The result should be the full listing copied exactly, with no pictures in it.

*** Opening Dataset excerpt ***

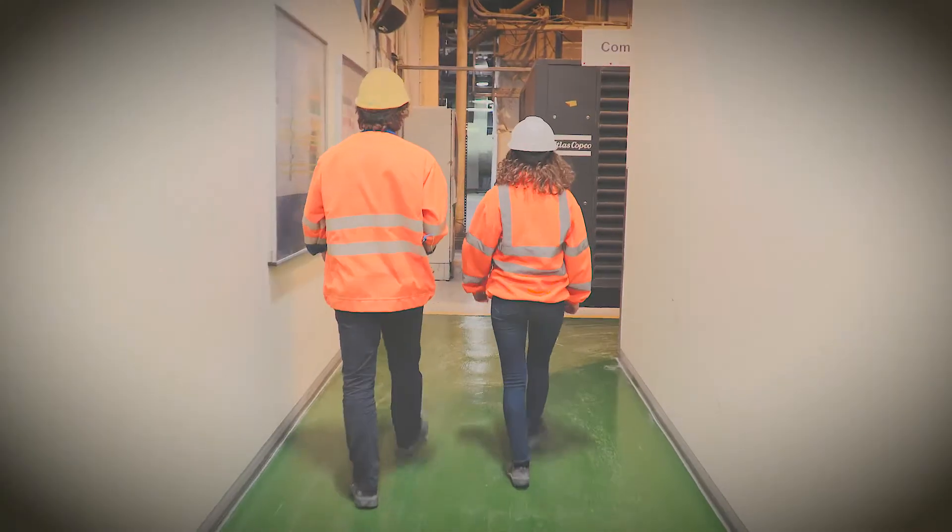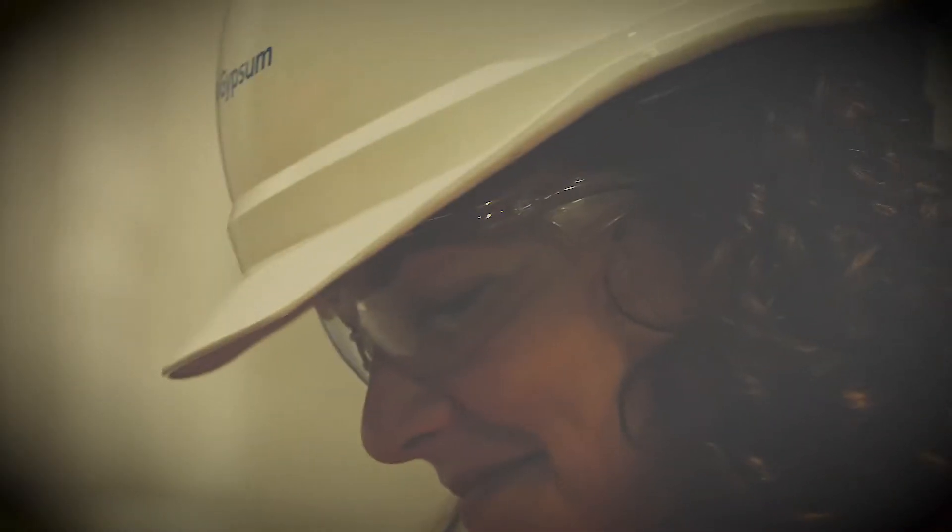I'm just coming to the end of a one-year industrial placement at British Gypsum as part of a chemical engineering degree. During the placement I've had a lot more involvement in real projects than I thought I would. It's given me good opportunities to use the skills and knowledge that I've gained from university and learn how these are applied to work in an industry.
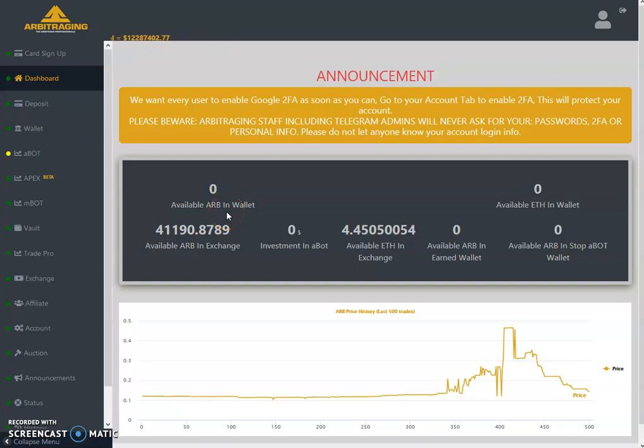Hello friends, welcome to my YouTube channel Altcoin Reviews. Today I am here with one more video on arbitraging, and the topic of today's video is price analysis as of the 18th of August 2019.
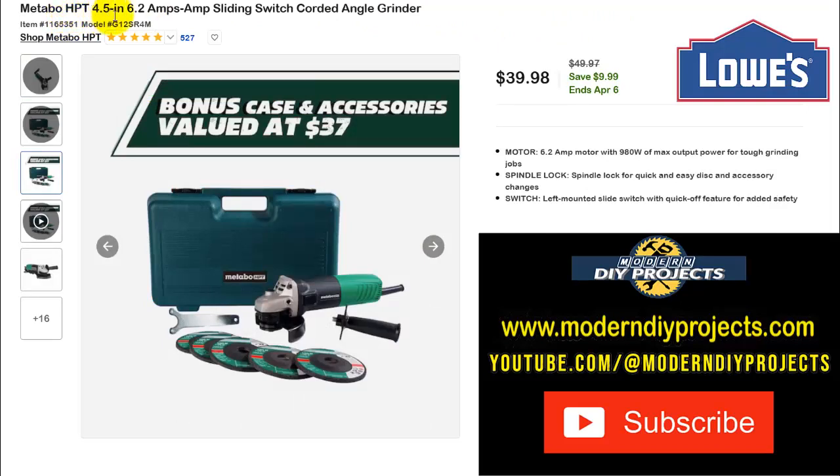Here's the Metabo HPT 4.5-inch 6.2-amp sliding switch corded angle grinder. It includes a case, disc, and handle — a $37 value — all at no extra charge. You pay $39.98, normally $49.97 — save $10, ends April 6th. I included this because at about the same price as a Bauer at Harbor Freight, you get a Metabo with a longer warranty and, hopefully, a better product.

*** Closing Dataset excerpt ***

- Solution
I'm just coming to the end of a one-year industrial placement at British Gypsum as part of a chemical engineering degree. During the placement I've had a lot more involvement in real projects than I thought I would. It's given me good opportunities to use the skills and knowledge that I've gained from university and learn how these are applied to work in an industry.
Hello friends, welcome to my YouTube channel Altcoin Reviews. Today I am here with one more video on arbitraging, and the topic of today's video is price analysis as of the 18th of August 2019.
Here's the Metabo HPT 4.5-inch 6.2-amp sliding switch corded angle grinder. It includes a case, disc, and handle — a $37 value — all at no extra charge. You pay $39.98, normally $49.97 — save $10, ends April 6th. I included this because at about the same price as a Bauer at Harbor Freight, you get a Metabo with a longer warranty and, hopefully, a better product.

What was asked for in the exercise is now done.